First Author: Laura Molineros, MD Co-Author: Fabiana Diaz, MD – Pediatric Resident, Memorial Healthcare System - JoeDiMaggio Children Hospital Co-Author: Prashanth Shanmugham, MD – Pediatric Critical Care Physician, Memorial Healthcare System - JoeDiMaggio Children Hospital
Introduction: Desmoplastic small round cell tumor (DSRCT) is a rare, highly aggressive type of soft tissue pediatric sarcoma with an annual incidence of 0.2 to 0.7 cases per million. Symptoms are nonspecific and include abdominal pain or distension, weight loss, changes in bowel habits, back pain and rarely, testicular involvement. They often have a poor prognosis due to aggressive pathophysiology and poor response to standard therapies.
Description: A 17-year-old male presented with a 2-day history of testicular pain, swelling and dysuria. Upon initial ED evaluation, patient was diagnosed with orchitis; he returned 2 weeks later with abdominal distension, fatigue, and shortness of breath. Vitals and physical exam were significant for tachycardia, hypertension and distended abdomen with positive fluid wave. CT abdomen and pelvis showed large volume ascites, ill-defined pelvic and hepatic masses and peritoneal carcinomatosis with retroperitoneal lymphadenopathy. He had clinical and laboratory findings consistent with tumor lysis syndrome (TLS) and acute kidney injury (AKI), initially treated with hyperhydration, rasburicase and allopurinol. Empiric adjuvant chemotherapy was initiated and later biopsy confirmed diagnosis of DSRCT. Throughout hospitalization, he had suspected abdominal compartment syndrome (ACS) secondary to rapid reaccumulating paraneoplastic ascites evidenced by worsening oliguric AKI and increased ventilatory requirements with need for non-invasive ventilation and multiple therapeutic paracenteses. After improvement of symptoms, he was discharged with close oncology follow up.

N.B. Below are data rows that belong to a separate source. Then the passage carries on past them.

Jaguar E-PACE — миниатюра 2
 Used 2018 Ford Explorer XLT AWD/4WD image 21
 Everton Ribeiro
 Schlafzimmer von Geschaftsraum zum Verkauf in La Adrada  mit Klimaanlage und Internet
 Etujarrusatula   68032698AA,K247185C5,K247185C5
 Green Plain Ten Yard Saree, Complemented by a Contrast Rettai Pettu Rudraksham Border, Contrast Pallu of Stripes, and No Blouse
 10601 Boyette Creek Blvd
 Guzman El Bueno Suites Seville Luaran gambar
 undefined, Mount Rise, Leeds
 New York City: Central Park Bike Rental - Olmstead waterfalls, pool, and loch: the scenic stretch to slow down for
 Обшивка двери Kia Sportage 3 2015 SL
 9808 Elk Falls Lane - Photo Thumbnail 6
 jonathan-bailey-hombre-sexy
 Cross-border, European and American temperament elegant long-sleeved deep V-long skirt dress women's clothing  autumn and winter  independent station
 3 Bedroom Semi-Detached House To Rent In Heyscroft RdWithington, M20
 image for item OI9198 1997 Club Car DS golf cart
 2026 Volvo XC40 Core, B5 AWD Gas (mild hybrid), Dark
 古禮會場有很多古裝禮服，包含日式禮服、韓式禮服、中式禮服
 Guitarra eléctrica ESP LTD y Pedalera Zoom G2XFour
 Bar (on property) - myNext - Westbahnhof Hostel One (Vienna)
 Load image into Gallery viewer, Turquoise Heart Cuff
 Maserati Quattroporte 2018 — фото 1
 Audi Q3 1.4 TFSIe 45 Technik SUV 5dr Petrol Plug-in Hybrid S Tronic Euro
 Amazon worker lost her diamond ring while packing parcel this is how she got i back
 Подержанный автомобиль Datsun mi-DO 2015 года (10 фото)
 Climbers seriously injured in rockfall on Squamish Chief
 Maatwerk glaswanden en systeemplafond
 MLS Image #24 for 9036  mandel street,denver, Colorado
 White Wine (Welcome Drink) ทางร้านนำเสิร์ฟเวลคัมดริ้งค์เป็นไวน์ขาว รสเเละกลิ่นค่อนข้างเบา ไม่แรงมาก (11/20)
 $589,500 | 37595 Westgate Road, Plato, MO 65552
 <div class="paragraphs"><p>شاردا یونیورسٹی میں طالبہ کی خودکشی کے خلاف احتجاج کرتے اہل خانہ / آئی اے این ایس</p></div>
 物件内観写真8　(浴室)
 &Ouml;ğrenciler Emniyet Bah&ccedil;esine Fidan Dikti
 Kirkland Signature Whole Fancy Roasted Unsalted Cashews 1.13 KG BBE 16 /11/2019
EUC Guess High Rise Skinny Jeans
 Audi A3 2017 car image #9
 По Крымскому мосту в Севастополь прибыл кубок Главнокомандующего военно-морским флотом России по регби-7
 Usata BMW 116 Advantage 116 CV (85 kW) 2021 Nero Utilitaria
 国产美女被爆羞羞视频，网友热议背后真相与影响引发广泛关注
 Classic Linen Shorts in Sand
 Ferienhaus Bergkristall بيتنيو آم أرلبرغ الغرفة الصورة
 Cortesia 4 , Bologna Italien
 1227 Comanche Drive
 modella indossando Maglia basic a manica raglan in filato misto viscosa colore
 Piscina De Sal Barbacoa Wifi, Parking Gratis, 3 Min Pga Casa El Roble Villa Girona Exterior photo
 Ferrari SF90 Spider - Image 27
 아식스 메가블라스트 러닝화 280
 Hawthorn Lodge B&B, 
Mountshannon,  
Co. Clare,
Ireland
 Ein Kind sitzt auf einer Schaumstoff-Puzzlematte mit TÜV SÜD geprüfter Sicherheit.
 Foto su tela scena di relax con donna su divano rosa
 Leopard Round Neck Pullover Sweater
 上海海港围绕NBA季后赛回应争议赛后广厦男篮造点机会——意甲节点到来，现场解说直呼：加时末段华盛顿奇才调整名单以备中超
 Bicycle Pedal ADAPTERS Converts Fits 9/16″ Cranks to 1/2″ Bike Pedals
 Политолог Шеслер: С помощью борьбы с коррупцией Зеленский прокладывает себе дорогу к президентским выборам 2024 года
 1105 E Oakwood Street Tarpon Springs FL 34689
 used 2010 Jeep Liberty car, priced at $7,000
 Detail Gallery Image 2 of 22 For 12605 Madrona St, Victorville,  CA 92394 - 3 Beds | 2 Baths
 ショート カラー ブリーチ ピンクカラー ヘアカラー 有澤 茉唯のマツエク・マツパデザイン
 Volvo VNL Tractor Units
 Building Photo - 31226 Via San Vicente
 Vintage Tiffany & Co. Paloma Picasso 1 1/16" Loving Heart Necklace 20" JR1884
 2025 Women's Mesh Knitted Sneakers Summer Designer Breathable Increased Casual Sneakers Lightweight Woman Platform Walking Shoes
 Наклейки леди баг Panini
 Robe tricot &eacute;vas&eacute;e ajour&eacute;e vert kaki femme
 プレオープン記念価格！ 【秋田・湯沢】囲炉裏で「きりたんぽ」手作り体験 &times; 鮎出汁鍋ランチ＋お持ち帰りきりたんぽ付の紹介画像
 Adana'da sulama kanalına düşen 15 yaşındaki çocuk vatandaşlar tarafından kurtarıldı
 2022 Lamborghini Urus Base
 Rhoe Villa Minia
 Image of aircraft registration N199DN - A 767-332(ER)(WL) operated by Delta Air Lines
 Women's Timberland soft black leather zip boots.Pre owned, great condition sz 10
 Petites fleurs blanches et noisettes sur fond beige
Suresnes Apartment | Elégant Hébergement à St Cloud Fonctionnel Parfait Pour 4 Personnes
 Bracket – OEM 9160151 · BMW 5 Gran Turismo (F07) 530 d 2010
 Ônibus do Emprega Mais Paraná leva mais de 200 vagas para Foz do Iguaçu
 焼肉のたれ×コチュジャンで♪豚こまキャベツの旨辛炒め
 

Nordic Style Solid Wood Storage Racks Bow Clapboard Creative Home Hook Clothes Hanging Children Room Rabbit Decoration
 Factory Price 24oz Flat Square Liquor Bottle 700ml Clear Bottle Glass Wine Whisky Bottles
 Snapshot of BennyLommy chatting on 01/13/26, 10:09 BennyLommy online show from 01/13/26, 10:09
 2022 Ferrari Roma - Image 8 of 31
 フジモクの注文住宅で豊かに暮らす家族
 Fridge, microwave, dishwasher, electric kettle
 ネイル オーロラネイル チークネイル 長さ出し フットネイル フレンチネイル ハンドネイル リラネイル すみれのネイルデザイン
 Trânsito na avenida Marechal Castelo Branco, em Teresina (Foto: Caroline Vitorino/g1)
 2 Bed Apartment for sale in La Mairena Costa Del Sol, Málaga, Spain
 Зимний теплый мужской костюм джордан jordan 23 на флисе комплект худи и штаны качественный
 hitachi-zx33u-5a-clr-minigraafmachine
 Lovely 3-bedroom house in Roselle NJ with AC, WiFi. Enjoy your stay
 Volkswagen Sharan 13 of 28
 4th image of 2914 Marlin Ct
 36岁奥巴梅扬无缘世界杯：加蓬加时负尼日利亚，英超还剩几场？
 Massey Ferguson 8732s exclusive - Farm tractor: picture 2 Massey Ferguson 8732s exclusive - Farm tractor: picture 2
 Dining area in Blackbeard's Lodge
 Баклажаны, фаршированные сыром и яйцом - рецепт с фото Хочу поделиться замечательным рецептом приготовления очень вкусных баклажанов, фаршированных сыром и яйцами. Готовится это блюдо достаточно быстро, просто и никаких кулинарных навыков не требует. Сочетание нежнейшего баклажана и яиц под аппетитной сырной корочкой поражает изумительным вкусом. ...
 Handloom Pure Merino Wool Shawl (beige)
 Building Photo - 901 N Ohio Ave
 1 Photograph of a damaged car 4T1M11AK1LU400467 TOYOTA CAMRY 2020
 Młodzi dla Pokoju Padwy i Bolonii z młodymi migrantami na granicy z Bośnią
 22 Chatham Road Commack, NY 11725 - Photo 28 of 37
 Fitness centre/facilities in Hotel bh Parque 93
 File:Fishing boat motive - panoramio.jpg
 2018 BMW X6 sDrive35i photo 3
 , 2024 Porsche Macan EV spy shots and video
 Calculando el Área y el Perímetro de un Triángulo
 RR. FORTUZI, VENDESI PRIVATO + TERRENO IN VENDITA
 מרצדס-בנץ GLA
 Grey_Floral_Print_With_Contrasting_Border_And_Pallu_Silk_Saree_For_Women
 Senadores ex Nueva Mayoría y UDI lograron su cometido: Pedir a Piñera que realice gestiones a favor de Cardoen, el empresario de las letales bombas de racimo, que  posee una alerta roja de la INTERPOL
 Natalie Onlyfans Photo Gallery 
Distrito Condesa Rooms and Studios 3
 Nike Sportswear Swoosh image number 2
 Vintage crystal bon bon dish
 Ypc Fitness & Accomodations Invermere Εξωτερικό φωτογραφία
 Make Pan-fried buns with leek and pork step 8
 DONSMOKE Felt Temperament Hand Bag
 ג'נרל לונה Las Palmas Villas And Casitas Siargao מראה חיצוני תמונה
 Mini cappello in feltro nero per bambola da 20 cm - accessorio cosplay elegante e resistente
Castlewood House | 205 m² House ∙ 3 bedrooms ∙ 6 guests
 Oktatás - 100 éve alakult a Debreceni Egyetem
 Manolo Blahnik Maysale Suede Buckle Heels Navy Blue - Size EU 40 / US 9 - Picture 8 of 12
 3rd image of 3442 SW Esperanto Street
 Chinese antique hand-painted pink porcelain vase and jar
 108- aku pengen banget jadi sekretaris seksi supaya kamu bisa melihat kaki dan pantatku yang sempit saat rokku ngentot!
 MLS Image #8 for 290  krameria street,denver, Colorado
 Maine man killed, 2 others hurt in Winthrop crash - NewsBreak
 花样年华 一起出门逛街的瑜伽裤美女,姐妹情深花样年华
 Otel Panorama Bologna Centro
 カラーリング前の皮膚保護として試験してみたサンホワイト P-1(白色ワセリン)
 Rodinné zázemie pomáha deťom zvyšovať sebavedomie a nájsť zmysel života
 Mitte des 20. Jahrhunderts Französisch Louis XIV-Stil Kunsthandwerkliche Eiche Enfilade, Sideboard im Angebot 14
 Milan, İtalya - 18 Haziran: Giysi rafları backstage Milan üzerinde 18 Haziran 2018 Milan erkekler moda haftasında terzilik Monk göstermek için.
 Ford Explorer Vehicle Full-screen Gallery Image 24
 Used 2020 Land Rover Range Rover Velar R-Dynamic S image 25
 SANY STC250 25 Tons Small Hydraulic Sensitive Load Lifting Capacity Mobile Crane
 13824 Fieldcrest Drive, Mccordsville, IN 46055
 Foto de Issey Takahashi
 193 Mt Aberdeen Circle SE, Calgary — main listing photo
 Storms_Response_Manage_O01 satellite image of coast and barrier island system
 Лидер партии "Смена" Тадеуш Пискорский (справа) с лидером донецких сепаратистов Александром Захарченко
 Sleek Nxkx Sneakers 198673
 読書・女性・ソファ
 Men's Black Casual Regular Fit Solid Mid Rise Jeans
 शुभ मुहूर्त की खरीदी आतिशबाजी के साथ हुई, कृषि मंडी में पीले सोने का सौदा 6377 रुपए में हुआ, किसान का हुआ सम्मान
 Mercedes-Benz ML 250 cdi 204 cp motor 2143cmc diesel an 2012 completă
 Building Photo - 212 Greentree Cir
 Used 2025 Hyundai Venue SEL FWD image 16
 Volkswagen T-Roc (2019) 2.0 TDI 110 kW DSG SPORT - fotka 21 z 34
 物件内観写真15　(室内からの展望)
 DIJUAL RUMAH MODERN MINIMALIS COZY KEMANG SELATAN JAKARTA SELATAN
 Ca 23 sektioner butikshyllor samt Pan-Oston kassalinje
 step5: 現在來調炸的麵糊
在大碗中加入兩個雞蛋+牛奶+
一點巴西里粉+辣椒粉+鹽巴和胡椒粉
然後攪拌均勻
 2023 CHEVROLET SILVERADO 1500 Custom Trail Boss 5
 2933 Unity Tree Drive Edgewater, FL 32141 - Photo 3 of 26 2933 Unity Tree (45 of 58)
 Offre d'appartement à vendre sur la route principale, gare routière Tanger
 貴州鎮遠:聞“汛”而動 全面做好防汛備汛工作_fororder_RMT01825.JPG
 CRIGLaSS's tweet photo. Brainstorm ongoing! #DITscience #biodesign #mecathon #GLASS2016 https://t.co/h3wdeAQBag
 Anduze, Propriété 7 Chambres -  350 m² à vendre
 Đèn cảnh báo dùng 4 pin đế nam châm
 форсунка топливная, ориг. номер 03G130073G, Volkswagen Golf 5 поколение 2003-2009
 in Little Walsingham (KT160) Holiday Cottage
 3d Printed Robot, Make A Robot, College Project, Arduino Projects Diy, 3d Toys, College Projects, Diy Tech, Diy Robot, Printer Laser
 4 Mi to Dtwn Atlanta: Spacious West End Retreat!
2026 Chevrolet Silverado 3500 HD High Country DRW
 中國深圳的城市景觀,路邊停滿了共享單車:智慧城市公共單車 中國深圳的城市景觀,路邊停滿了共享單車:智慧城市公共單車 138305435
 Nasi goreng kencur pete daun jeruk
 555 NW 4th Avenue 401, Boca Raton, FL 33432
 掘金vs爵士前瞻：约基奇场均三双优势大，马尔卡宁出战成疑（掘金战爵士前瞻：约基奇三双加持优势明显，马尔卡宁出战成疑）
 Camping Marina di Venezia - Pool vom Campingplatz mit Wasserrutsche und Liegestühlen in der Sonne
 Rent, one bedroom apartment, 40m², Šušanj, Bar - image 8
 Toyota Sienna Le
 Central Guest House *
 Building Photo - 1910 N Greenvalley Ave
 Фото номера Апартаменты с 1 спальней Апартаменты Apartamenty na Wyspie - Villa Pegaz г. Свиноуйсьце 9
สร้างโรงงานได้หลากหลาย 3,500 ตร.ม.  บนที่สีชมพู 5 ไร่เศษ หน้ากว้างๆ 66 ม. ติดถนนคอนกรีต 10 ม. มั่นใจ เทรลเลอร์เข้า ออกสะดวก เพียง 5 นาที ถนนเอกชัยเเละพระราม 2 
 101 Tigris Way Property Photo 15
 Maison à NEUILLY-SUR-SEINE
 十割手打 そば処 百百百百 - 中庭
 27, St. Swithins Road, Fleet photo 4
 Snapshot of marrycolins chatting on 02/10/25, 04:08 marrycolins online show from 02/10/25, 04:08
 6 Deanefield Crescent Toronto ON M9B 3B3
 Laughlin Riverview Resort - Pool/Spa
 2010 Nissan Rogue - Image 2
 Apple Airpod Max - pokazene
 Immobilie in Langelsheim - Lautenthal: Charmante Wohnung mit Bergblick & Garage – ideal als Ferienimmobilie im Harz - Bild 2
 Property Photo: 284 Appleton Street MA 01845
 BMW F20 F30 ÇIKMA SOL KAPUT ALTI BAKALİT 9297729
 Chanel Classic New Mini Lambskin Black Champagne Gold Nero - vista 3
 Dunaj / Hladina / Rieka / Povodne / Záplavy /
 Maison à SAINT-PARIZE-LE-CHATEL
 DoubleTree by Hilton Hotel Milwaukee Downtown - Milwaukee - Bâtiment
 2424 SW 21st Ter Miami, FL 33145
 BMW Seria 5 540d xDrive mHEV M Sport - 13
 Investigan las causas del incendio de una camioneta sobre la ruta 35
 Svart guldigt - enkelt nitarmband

Discussion: DSRCT is rarely associated with testicular pain, swelling, or dysuria. However, such atypical presentations can lead to delays in diagnosis and treatment, potentially resulting in more complicated clinical course, as in our patient who developed TLS and ACS. The overall incidence of TLS in solid tumors, is estimated to be 0.04-0.05%, with only isolated case reports documented in literature. ACS has also been linked to DSRCT, typically occurring in patients with extensive intra-abdominal disease or rapid tumor progression. It is essential to consider malignancy as a differential diagnosis of testicular pain and ensure close follow-up for complete symptom resolution.